Saturday, August 18, 2007

Robots, Wizards and a Badass Motherfucker

I know it's already August, but permit me to talk about July, because I'm a bad blogger who loves procrastination. More specifically, I'm talking about the blockbuster flicks from July.

Transformers
1. The transforming sequences are pretty awesome.
2. Shia LeBoeuf is an entertaining guy to watch.
3. Megan Fox is a hot girl to watch.
These are the three things that are good about Transformers. Everything else, Michael Bay has pissed on, like the irredeemable scene in which an Autobot takes a leak on some government flunkies. There are some of the worst lines I've ever heard in a movie, including some really lame plays on "more than meets the eye". There are confusing character designs (as in, every fucking robot looks exactly the same), which, coupled with the Michael Bay style of shooting and editing action, means that you don't know what the fuck is going on and who's fighting who at any given time. There is a confusing climax that doesn't really make any sense. There is just so much wrong with this movie, and I haven't even gone into the fanboy gripes yet (Bumblebee?!). I admit that when I heard the "transforming sound effect" for the first time in a trailer, I gave a whoop and punched the air in joy, which makes the suckiness even harder to bear - not that I was expecting very much from Michael Bay anyway.

Live Free or Die Hard
In comparison to the hunk of junk that was Transformers, Live Free or Die Hard (renamed as Die Hard 4.0 in non-US countries, because, y'know, only Americans can read titles more than three words long) comes off much stronger. A great deal of credit has to go to Bruce Willis, who's such an incredible badass, he's incredibly fun to watch. Justin Long is surprisingly entertaining as the new sidekick, and while many of the action sequences are flat-out unbelievably ludicrous, one has to consider if they are any more ludicrous than, well, transforming robots from outer space. Above all, this is a great popcorn flick, full of 'splosions and loads of fun, and it knows it. Yippee ki yay, motherfucker.

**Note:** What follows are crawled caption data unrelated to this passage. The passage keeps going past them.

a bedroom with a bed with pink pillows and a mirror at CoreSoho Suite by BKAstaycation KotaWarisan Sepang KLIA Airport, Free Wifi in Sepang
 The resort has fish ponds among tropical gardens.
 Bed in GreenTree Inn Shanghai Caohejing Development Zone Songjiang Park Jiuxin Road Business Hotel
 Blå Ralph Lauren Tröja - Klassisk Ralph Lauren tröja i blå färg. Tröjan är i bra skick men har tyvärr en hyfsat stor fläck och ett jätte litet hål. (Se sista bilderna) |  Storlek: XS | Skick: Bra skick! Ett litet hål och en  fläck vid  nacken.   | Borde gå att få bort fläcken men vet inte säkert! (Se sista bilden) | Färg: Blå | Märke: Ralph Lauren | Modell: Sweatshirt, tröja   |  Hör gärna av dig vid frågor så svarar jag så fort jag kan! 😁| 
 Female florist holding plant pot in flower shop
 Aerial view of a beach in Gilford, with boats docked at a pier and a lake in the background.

Harry Potter and the Order of the Phoenix
The Harry Potter films are beginning to seem like serialized episodes of a drama series, because they seem to almost demand that you be familiar with the "mythos" of the wizarding universe in order to enjoy them. This is unfortunate, because I'm of the opinion that movies should be able to stand on their own, but perhaps I'm in the minority. Each movie seems to be more or less the same as the rest (I'm not counting the first two, which were absolute rubbish thanks to Chris Columbus), and it seems that they're only distinguishable from each other by their key scenes or characters, such as Imelda Staunton as Dolores Umbridge in this one. Not having read the books beyond the halfway point of Book 3, I'm in no position to comment on the adaptation. I will point out though, that Staunton is wonderful in her Pure Evilness, and probably rescues this installment from being just "The 5th One". Still, it's more than competent, and at least it won't make you feel like someone just raped your childhood (*cough*MichaelBay*cough*).